= Wiener Taschenoper =

Wiener Taschenoper (Vienna pocket opera) is an Austrian opera company based in Vienna. Insight Guides cite them and the Neue Oper Wien as "two of the independent groups which perform exclusively 20th and 21st-century opera".

== Productions ==

Choreographer Saskia Hölbling staged in 2002 Combattimento di Tancredi e Clorinda by Claudio Monteverdi combined with A-Ronne by Luciano Berio. In 2004 she developed a choreography with four dancers for Labyrinth in collaboration with the composer Wolfgang Mitterer and the video artist Alexej Paryla, It was performed at the Semper Depot of Vienna by DANS.KIAS, with Katia Plaschka, soprano.
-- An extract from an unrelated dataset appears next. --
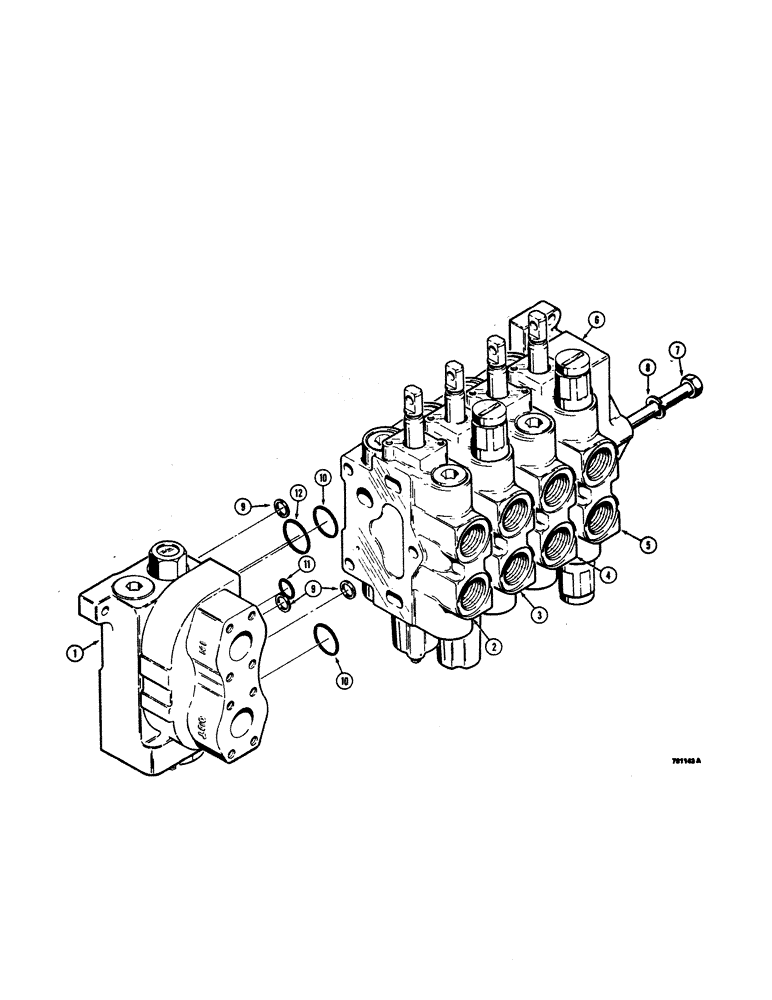 Схема запчастей Case 1150C - (314[1]) - R40909 FOUR SPOOL VALVE ANGLE TILT PITCH DOZER WITH RIPPER (08) - HYDRAULICS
In 2008, the second act of Karlheinz Stockhausen's Donnerstag aus Licht, titled Michaels Reise um die Erde (Michael's Journey Around the Earth) was staged, in collaboration with the Wiener Festwochen, by Carlus Padrissa of La Fura dels Baus, with stage direction by Roland Olbeter. It was performed by Marco Blaauw (trumpet), Nicola Jürgensen (basset horn), and musikFabrik, directed by Peter Rundel. The production was also shown in Cologne, Venice, Warsaw, Dresden and Paris.

In 2009, Hölbling produced three works by Berio: Naturale, Visage and Sequenza V.

=== Operas for children ===

Since 2006 the Wiener Taschenoper has produced contemporary operas for children. A series of operas based on fairy tales of the Brothers Grimm have included Wolfgang Mitterer's Das Tapfere Schneiderlein, Ali N. Askin's Eisenhans, and in 2010 Die Gänsemagd by Iris ter Schiphorst.

In 2008 John Cage's A House Full of Music was staged, accompanied by detailed background information and material for teachers. Walther Soyka's Das kleine Gespenst after Otfried Preußler's book was performed in 2010 in collaboration with the Graz Opera.